== TASK DATA ==
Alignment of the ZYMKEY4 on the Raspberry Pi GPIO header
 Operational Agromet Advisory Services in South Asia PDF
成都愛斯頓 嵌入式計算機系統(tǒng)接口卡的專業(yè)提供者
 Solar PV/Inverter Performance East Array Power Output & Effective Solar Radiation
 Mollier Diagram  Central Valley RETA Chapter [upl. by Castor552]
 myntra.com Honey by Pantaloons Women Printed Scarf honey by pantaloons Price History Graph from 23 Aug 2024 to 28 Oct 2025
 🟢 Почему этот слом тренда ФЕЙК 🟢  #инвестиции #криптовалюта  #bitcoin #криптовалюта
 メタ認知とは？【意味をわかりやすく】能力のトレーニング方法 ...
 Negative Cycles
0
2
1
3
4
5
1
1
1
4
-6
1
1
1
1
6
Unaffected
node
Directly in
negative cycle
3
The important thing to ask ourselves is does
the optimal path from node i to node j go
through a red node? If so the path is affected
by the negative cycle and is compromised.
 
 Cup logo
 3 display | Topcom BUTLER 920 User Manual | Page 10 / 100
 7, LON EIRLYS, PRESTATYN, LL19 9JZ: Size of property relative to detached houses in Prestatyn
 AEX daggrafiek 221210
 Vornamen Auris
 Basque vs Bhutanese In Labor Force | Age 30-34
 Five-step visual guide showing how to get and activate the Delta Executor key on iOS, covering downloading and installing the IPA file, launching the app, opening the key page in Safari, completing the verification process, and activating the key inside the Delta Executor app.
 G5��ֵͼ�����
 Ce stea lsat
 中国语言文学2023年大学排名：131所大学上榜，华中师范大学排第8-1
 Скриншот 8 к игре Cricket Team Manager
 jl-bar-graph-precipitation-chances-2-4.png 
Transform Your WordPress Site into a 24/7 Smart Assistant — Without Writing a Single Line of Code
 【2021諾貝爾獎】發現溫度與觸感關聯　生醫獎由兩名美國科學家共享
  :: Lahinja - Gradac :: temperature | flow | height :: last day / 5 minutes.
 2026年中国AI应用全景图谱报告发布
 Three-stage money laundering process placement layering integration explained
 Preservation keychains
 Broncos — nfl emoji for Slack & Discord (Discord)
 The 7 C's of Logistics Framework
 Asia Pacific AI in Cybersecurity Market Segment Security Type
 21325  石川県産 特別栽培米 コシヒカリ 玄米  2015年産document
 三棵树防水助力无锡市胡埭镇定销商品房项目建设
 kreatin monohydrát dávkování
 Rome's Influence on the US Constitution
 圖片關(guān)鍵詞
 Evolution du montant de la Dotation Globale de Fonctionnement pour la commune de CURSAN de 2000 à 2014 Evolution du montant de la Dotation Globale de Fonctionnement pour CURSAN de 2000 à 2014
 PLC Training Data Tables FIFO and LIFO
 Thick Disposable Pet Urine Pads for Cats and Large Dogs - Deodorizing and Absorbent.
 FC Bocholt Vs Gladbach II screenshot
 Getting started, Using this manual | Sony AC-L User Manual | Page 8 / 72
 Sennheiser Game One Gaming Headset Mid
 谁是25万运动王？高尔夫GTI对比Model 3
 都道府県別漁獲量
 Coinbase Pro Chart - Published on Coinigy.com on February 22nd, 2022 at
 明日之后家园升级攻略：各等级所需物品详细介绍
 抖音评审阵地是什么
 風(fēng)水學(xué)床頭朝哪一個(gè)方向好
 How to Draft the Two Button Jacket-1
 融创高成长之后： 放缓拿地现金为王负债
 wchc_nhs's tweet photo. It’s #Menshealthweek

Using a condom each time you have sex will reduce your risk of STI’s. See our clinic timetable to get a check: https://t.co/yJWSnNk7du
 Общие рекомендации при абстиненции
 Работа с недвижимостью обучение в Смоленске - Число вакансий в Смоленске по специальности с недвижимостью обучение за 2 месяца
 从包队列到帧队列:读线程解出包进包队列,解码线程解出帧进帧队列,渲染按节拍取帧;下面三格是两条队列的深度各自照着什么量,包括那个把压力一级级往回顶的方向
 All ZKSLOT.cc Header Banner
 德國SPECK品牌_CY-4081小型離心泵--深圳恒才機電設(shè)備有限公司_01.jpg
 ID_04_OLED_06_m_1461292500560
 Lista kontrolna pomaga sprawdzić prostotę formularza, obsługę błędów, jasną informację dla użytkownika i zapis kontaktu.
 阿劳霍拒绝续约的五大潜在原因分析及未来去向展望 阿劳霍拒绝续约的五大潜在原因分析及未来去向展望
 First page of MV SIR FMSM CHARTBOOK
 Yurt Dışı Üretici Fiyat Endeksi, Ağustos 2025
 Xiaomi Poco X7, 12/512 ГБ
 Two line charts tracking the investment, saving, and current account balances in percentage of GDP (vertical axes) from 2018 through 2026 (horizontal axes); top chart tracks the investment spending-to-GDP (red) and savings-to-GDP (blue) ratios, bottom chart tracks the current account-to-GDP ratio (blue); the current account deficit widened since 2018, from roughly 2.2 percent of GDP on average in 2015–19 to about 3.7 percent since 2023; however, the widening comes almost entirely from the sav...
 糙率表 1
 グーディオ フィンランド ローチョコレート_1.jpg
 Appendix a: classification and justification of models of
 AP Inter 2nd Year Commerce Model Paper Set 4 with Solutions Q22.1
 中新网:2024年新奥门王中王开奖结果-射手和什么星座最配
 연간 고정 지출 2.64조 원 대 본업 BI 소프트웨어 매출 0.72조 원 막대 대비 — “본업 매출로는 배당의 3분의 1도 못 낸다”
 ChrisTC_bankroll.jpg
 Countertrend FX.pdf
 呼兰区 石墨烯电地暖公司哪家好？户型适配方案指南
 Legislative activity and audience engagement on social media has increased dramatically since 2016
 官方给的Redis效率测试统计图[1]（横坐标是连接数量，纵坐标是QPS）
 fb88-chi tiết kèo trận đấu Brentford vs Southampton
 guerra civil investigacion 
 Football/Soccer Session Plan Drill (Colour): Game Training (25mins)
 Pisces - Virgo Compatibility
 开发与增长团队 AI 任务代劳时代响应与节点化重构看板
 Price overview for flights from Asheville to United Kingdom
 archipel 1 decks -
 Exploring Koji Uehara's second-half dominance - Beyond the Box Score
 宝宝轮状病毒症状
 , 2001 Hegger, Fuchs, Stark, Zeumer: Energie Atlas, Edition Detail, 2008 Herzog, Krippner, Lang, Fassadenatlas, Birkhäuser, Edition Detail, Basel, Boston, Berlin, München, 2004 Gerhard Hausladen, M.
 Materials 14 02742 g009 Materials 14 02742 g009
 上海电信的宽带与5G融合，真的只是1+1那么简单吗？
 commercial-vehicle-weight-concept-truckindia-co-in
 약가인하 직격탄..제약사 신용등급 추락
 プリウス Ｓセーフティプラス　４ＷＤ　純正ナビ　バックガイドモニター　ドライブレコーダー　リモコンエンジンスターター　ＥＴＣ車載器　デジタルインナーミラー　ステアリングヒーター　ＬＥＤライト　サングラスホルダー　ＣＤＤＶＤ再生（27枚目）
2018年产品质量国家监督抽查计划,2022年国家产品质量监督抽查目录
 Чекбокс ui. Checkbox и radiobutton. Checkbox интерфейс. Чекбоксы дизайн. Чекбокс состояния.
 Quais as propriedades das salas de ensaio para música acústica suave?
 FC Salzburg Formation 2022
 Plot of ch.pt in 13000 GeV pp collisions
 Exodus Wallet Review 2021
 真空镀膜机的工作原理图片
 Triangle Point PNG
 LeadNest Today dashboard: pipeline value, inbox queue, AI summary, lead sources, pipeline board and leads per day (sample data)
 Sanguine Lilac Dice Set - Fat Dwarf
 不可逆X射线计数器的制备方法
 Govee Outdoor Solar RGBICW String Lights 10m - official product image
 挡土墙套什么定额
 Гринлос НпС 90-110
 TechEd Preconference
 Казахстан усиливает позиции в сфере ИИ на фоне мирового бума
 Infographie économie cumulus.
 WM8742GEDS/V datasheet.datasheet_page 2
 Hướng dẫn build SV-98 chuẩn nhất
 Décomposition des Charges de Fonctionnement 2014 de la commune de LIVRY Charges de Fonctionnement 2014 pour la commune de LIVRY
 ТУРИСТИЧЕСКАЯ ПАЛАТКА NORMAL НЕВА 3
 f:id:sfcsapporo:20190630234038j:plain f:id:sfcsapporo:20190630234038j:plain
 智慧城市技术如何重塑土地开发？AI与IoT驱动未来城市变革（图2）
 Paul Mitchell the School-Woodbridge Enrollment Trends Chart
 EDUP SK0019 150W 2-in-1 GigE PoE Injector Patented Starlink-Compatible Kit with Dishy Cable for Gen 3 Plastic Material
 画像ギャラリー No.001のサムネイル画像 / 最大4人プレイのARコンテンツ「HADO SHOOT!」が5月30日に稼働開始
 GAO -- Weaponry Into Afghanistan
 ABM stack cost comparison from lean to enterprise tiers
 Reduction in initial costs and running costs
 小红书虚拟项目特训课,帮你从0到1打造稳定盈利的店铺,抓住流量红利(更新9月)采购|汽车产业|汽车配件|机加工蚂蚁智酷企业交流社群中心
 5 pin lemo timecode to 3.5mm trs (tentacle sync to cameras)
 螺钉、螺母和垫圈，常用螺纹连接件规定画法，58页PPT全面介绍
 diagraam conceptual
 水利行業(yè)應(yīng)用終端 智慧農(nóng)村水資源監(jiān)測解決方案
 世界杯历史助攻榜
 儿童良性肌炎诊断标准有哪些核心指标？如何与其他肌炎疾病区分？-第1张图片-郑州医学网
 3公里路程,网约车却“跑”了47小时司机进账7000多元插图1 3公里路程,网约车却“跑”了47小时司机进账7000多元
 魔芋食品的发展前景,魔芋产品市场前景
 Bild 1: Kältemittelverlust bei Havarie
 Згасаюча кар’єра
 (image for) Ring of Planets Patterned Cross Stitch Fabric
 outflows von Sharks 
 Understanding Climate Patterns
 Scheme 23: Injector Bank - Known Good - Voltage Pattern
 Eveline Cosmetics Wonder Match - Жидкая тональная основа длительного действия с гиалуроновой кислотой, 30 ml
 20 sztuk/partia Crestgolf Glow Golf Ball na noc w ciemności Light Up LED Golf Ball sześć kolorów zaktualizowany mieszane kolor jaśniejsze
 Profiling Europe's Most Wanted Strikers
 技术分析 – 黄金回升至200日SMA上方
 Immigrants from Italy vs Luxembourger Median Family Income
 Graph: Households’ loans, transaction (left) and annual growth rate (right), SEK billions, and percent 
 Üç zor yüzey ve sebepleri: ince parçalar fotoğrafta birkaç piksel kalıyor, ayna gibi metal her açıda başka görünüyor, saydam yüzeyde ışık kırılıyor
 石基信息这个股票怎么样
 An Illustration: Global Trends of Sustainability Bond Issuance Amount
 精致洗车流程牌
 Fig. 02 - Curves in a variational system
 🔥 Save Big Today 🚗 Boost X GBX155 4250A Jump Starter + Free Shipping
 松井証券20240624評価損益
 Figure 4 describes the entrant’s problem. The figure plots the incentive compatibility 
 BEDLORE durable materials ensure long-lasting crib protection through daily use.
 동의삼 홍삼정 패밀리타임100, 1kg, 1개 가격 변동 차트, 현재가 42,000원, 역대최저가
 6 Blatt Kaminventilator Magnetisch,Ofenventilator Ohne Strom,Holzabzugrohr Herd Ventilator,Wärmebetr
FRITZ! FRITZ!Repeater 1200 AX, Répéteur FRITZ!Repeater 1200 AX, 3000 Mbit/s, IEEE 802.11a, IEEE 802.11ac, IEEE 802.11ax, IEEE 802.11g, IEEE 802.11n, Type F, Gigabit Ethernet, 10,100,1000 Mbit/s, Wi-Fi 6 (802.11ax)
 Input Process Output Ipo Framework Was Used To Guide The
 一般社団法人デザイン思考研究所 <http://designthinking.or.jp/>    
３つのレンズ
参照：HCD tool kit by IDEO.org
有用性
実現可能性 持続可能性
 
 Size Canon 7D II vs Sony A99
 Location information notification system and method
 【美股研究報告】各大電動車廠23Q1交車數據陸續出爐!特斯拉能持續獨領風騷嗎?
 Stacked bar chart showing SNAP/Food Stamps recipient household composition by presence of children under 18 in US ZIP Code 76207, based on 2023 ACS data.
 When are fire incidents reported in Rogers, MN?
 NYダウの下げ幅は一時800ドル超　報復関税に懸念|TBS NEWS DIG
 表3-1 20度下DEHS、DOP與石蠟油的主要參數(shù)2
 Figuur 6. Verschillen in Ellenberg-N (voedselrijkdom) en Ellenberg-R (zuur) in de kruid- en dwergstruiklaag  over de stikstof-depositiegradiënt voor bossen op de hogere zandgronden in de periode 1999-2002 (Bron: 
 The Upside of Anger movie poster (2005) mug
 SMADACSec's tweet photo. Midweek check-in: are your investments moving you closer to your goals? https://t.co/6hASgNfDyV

== YOUR GOAL ==
Looking at the data above, write out exactly the lines that start at the one containing "Sanguine Lilac Dice Set - Fat Dwarf" and end at the one containing "Understanding Climate Patterns"; include both and nothing beyond.

== WRITTEN ANSWER ==
 Sanguine Lilac Dice Set - Fat Dwarf
 不可逆X射线计数器的制备方法
 Govee Outdoor Solar RGBICW String Lights 10m - official product image
 挡土墙套什么定额
 Гринлос НпС 90-110
 TechEd Preconference
 Казахстан усиливает позиции в сфере ИИ на фоне мирового бума
 Infographie économie cumulus.
 WM8742GEDS/V datasheet.datasheet_page 2
 Hướng dẫn build SV-98 chuẩn nhất
 Décomposition des Charges de Fonctionnement 2014 de la commune de LIVRY Charges de Fonctionnement 2014 pour la commune de LIVRY
 ТУРИСТИЧЕСКАЯ ПАЛАТКА NORMAL НЕВА 3
 f:id:sfcsapporo:20190630234038j:plain f:id:sfcsapporo:20190630234038j:plain
 智慧城市技术如何重塑土地开发？AI与IoT驱动未来城市变革（图2）
 Paul Mitchell the School-Woodbridge Enrollment Trends Chart
 EDUP SK0019 150W 2-in-1 GigE PoE Injector Patented Starlink-Compatible Kit with Dishy Cable for Gen 3 Plastic Material
 画像ギャラリー No.001のサムネイル画像 / 最大4人プレイのARコンテンツ「HADO SHOOT!」が5月30日に稼働開始
 GAO -- Weaponry Into Afghanistan
 ABM stack cost comparison from lean to enterprise tiers
 Reduction in initial costs and running costs
 小红书虚拟项目特训课,帮你从0到1打造稳定盈利的店铺,抓住流量红利(更新9月)采购|汽车产业|汽车配件|机加工蚂蚁智酷企业交流社群中心
 5 pin lemo timecode to 3.5mm trs (tentacle sync to cameras)
 螺钉、螺母和垫圈，常用螺纹连接件规定画法，58页PPT全面介绍
 diagraam conceptual
 水利行業(yè)應(yīng)用終端 智慧農(nóng)村水資源監(jiān)測解決方案
 世界杯历史助攻榜
 儿童良性肌炎诊断标准有哪些核心指标？如何与其他肌炎疾病区分？-第1张图片-郑州医学网
 3公里路程,网约车却“跑”了47小时司机进账7000多元插图1 3公里路程,网约车却“跑”了47小时司机进账7000多元
 魔芋食品的发展前景,魔芋产品市场前景
 Bild 1: Kältemittelverlust bei Havarie
 Згасаюча кар’єра
 (image for) Ring of Planets Patterned Cross Stitch Fabric
 outflows von Sharks 
 Understanding Climate Patterns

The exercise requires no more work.